Nel 2008, influenzato dagli scritti del politologo irlandese Benedict Anderson, Öcalan, che dal ’99 sconta l’ergastolo in isolamento, ha operato una revisione critica delle sue precedenti posizioni. Curiosamente, il “confederalismo democratico” da lui teorizzato ricorda vagamente il sistema ottomano dei millet, le comunità etniche e confessionali che garantivano quell’autonomia amministrativa di cui anche le tribù curde avevano goduto: a venir meno è, in questo senso, l’articolazione feudale del potere, detenuto da assemblee di cittadini più che da capi tribali.

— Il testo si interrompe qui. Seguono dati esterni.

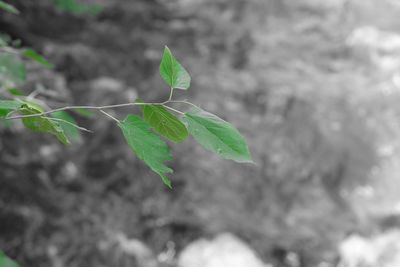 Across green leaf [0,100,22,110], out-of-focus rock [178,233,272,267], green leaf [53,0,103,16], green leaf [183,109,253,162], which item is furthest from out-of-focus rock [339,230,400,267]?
green leaf [53,0,103,16]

La nascita, nel 2012, di un embrione di stato curdo nella regione siriana del Rojava – governato secondo i principi enunciati da Ocalan – ha causato forti tensioni tra i curdi siriani e quelli iracheni, questi ultimi guidati dal governo di Barzani. Tali tensioni sono sfociate, nel 2015, nella chiusura del valico di Semelka, che divide le due entità territoriali. Come una moneta a due facce, oggi, quel confine demarca il limite tra due volti della stessa causa irredentista.
Si può notare come una visione nazionalistica sia oggi l’unica che rintracciamo nei resoconti mediatici delle vicende attuali. Sì assume la piccola entità siriana di Rojava come essenza della “curdità” e la “ragazza con il fucile” ne è l’icona, perché guerre d’indipendenza e parità di genere sono apparenze che l’Occidente comprende.